As I have alluded to in some of my past posts, the way we think about and approach a problem is critical in achieving an effective solution. Many of us with technical backgrounds have a propensity to rush to closure on a solution that seems obvious to us, mostly because we have been educated to view the world in terms of mathematics and achieving the prescribed “correct” solution.  Along that line, I like to share a story:

Setting: High school science class quiz

Question: You are given a barometer and need to measure the height of a multi-story building.  Explain in detail how you plan to use the barometer in making the measurement.

Creative Student: There are at least three alternatives:

  1. Measure the length of the barometer, and then move back from the building holding the instrument vertically at arm’s length until achieving visual alignment with both (1) the top of the building and the top of the barometer and (2) bottom of the barometer with the same height on the building, as my eye is above the ground.  Measure the distance from my eye to both the barometer and the building.  Finally, use geometric ratio of the two right triangles and the height between the barometer bottom and the ground to calculate the building height.
  2. Take the barometer to the top of the building and measure the amount of time it takes to crash into the pavement below upon pushing it off the edge.  Knowing the time and acceleration (gravity) calculate the distance
  3. Find the superintendent of the building and offer him this shinny new barometer, if he will tell you the height of the building

Results: Student fails the quiz because his answer didn’t match the lesson the teacher was trying to convey: Measure the barometric pressure at ground-level and top of the building, then using the difference calculate the height.

The story has a few perspectives worth pondering, because clearly both the teacher and the student came away unsatisfied with the quiz results:

  • Certainly the student provided three valid solutions and I surmise that he knew the teacher’s answer because quizzes usually reflect material recently taught in class.  Was failing the student a just action on the part of the teacher?  After all, he did meet the intended objective, in addition to showing creativity both scientifically and otherwise.
  • Speaking of the objective, which teacher stated as, determine the height of the building, without any criteria for the solution.
    • All four methods can be used to determine this and each produces a different accuracy.  Was accuracy a criterion for the desired results?
    • Another issue is the fate of the barometer, itself.  Was it expendable?  If not, that would eliminate two of the four methods.
    • What if we rephrase the test question to: Explain in detail how you plan to use the primary function of the barometer in making the measurement.

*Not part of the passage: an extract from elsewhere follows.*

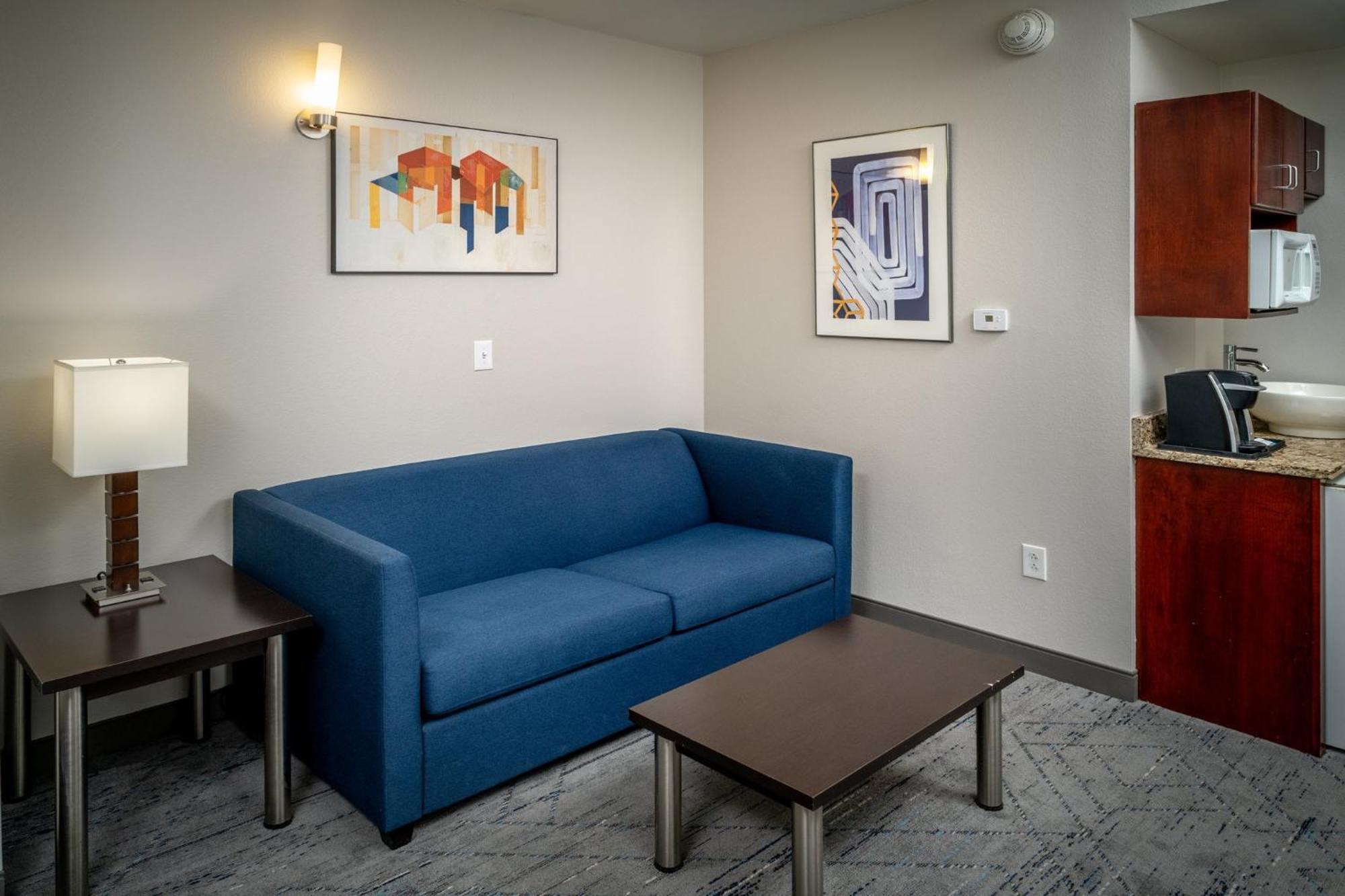 Holiday Inn Express & Suites Cross Lanes By Ihg Екстер'єр фото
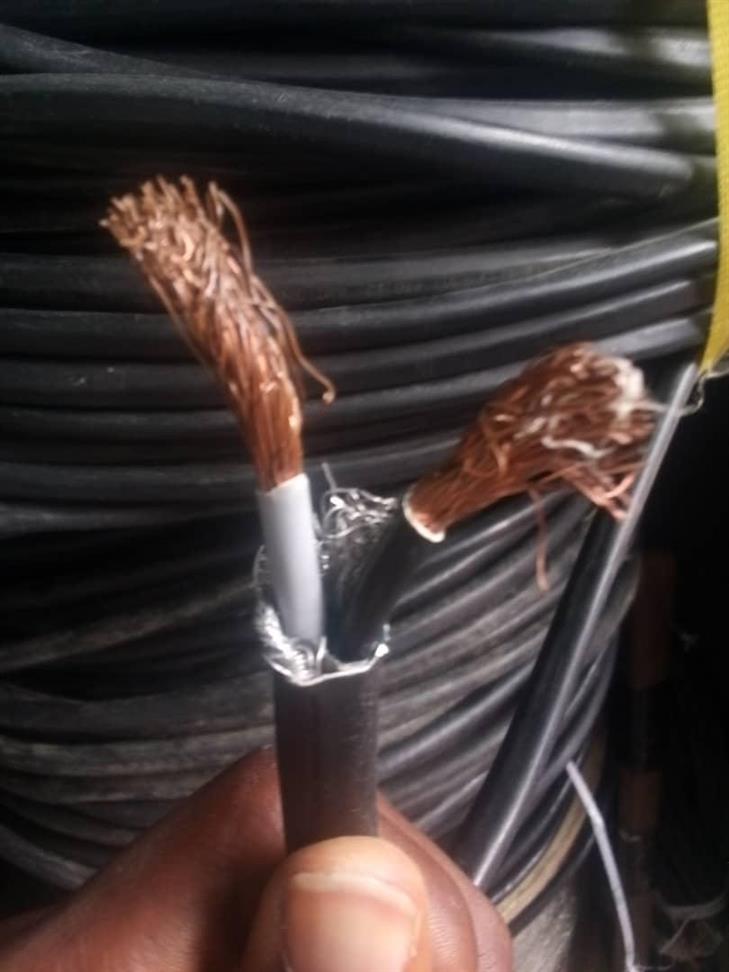 Solar v cables in all sizes available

Wouldn’t this wording change have added a criterion and narrowed the focus to the teacher’s desired results.
    • I believe the original intent of this story was to illustrate a lesson about the penalty of thinking outside the box.  Yet, isn’t that what we leaders want; someone who solves problems by thinking about them in a new way?

As project leaders, how many times have we been too sloppy in delegating work only to end up with results we didn’t expect?  I know I have. Whether the root is our rushed framing of the situation, poor articulation of our expectations, our cognitive biases creating unstated assumptions, or flawed analogies from past experiences, it was our failure to focus on and communicate our expectations relative to the results.   (Also, see my previous posts: Is the Enemy Us or Fate)

Whether with an individual or the team, next time you delegate work, inside or outside a project:

  • Define the goals/objectives, clearly
  • Share the all the detail data with those involved
  • Articulate your expectations (acceptable/unacceptable), especially the criteria for results
  • Discuss the process for getting there; don’t overly constrain how they do it

They may surprise you and provide something better than you expected.